(Collected data)
************
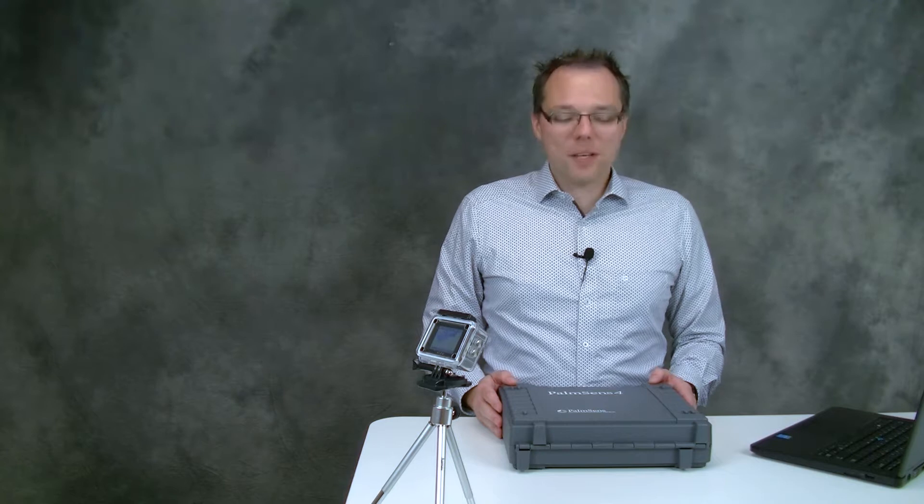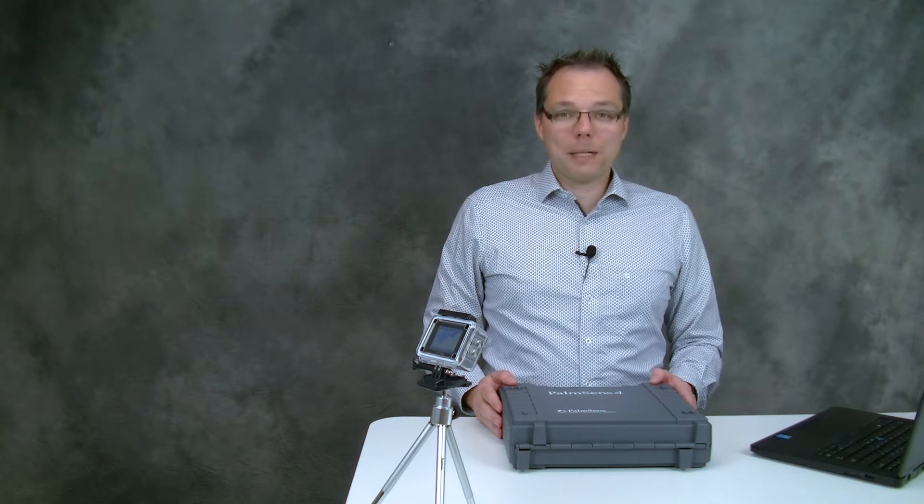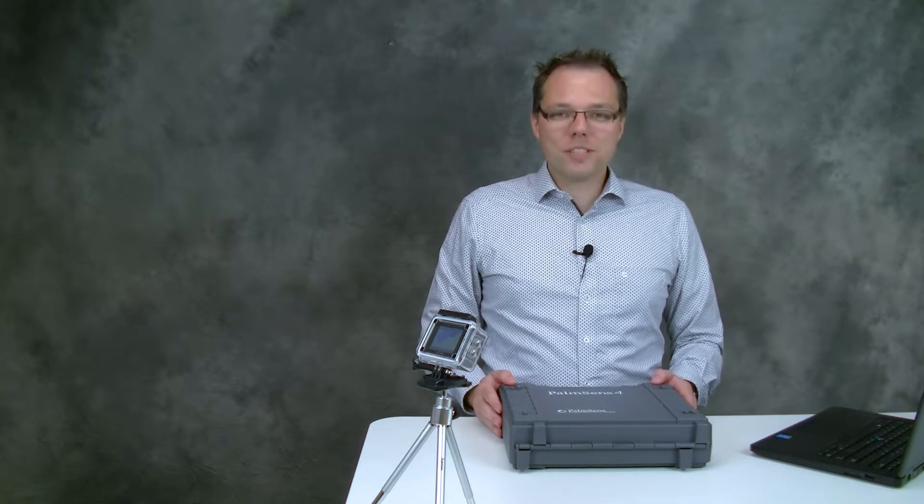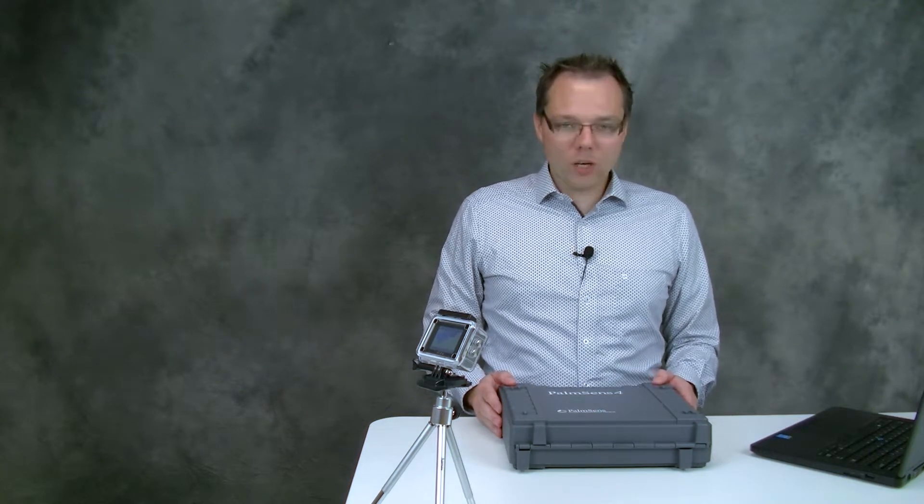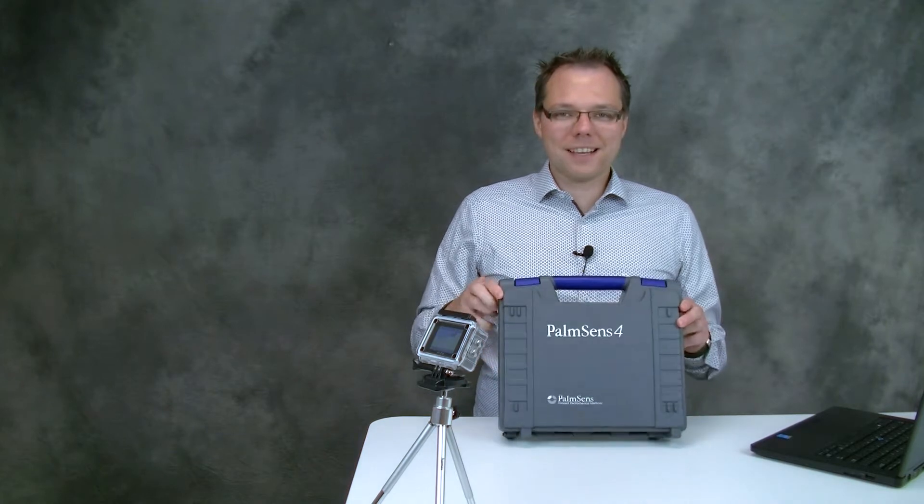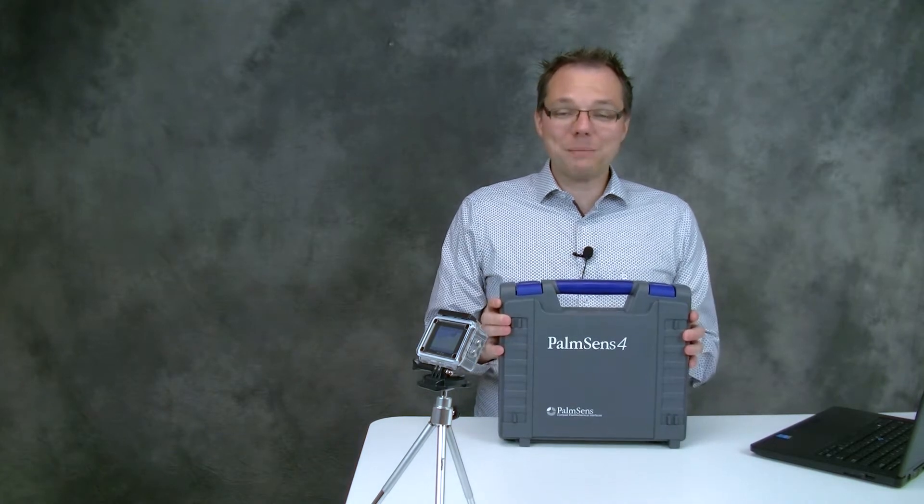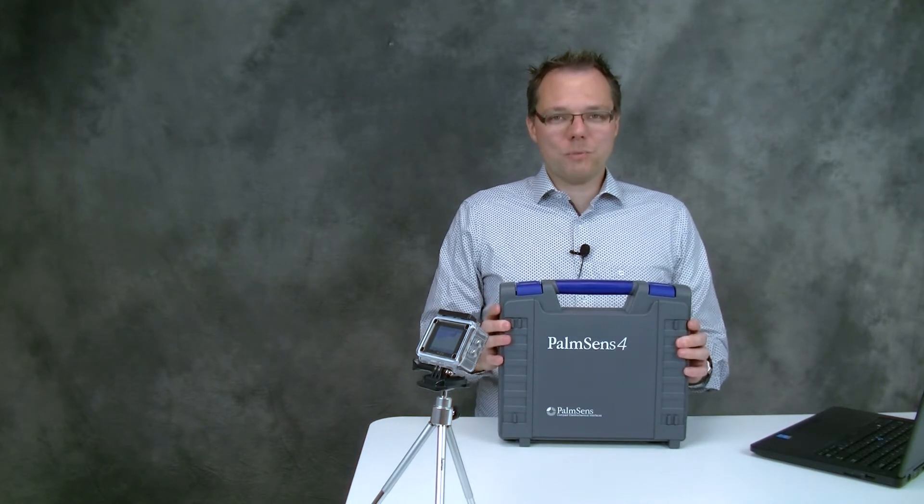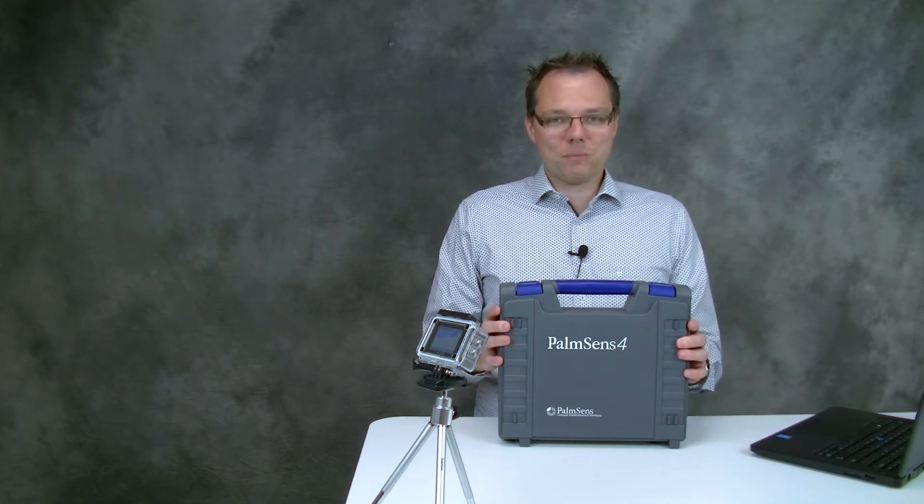Hello and welcome to this PalmSense unboxing video. Today we're going to look at what's inside the case of the PalmSense 4 and we're going to make our first measurement.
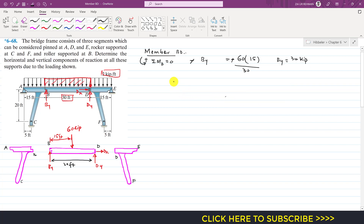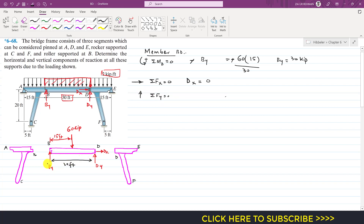Applying summation of forces along x equals zero: Dx is the only horizontal force, so Dx equals zero. Applying summation of forces along y equals zero with upward positive: Dy plus By minus 60 equals zero. With By equal to 30 kips, we get Dy plus 30 minus 60 equals zero, so Dy equals 30 kips.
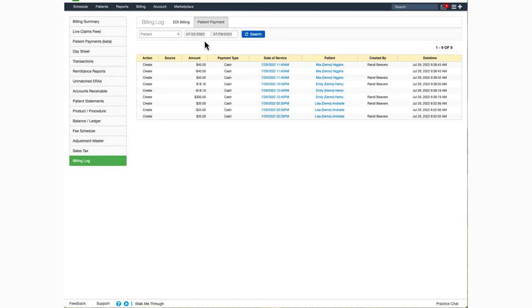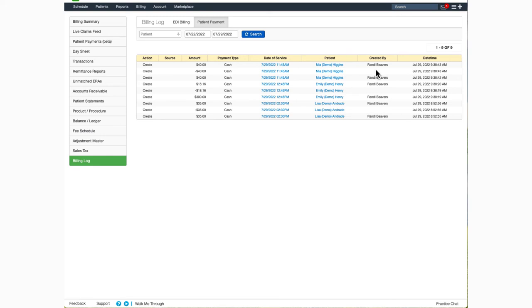If you'd like to dive deeper into a particular payment, you can click on the date of service for billing details or on the patient's name to be taken to their chart. It will also identify the user and the date and time the payment was posted.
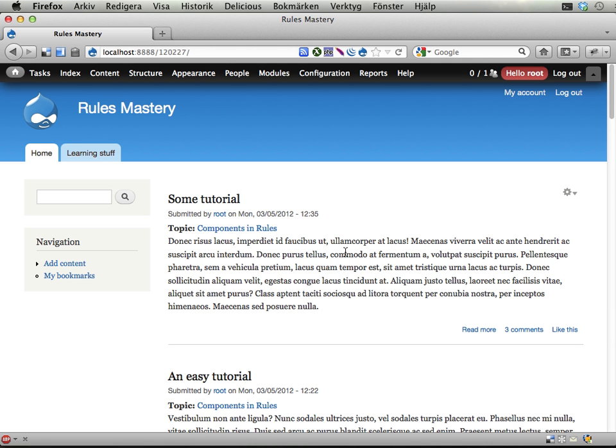Welcome to exercise 13 in the Rules Mastery Series. In this exercise you're going to use the Rules Scheduler module to award people who have been members on the site for one week with 50 Drupal points. So when you create an account and wait one week you should get 50 Drupal points for that.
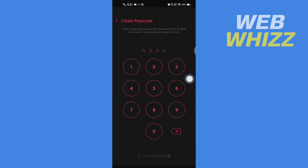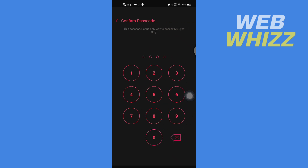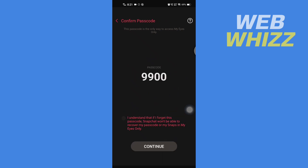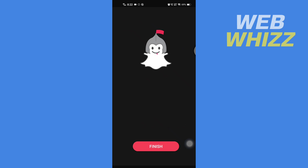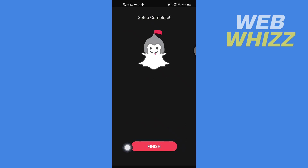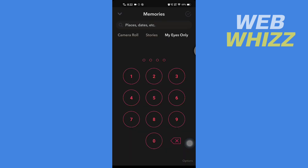If you haven't set up My Eyes Only, tap on Setup. Then enter a PIN here, and enter it again to confirm. Here is your passcode — check this box and tap on Continue. Then tap on Finish.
************
*Task goal*.
Starting from the line containing "If you'd like", repeat each line exactly through the end of the entries, including the last, while leaving pictures out.

*Result of this task*.
If you'd like to dive deeper into a particular payment, you can click on the date of service for billing details or on the patient's name to be taken to their chart. It will also identify the user and the date and time the payment was posted.
Welcome to exercise 13 in the Rules Mastery Series. In this exercise you're going to use the Rules Scheduler module to award people who have been members on the site for one week with 50 Drupal points. So when you create an account and wait one week you should get 50 Drupal points for that.
If you haven't set up My Eyes Only, tap on Setup. Then enter a PIN here, and enter it again to confirm. Here is your passcode — check this box and tap on Continue. Then tap on Finish.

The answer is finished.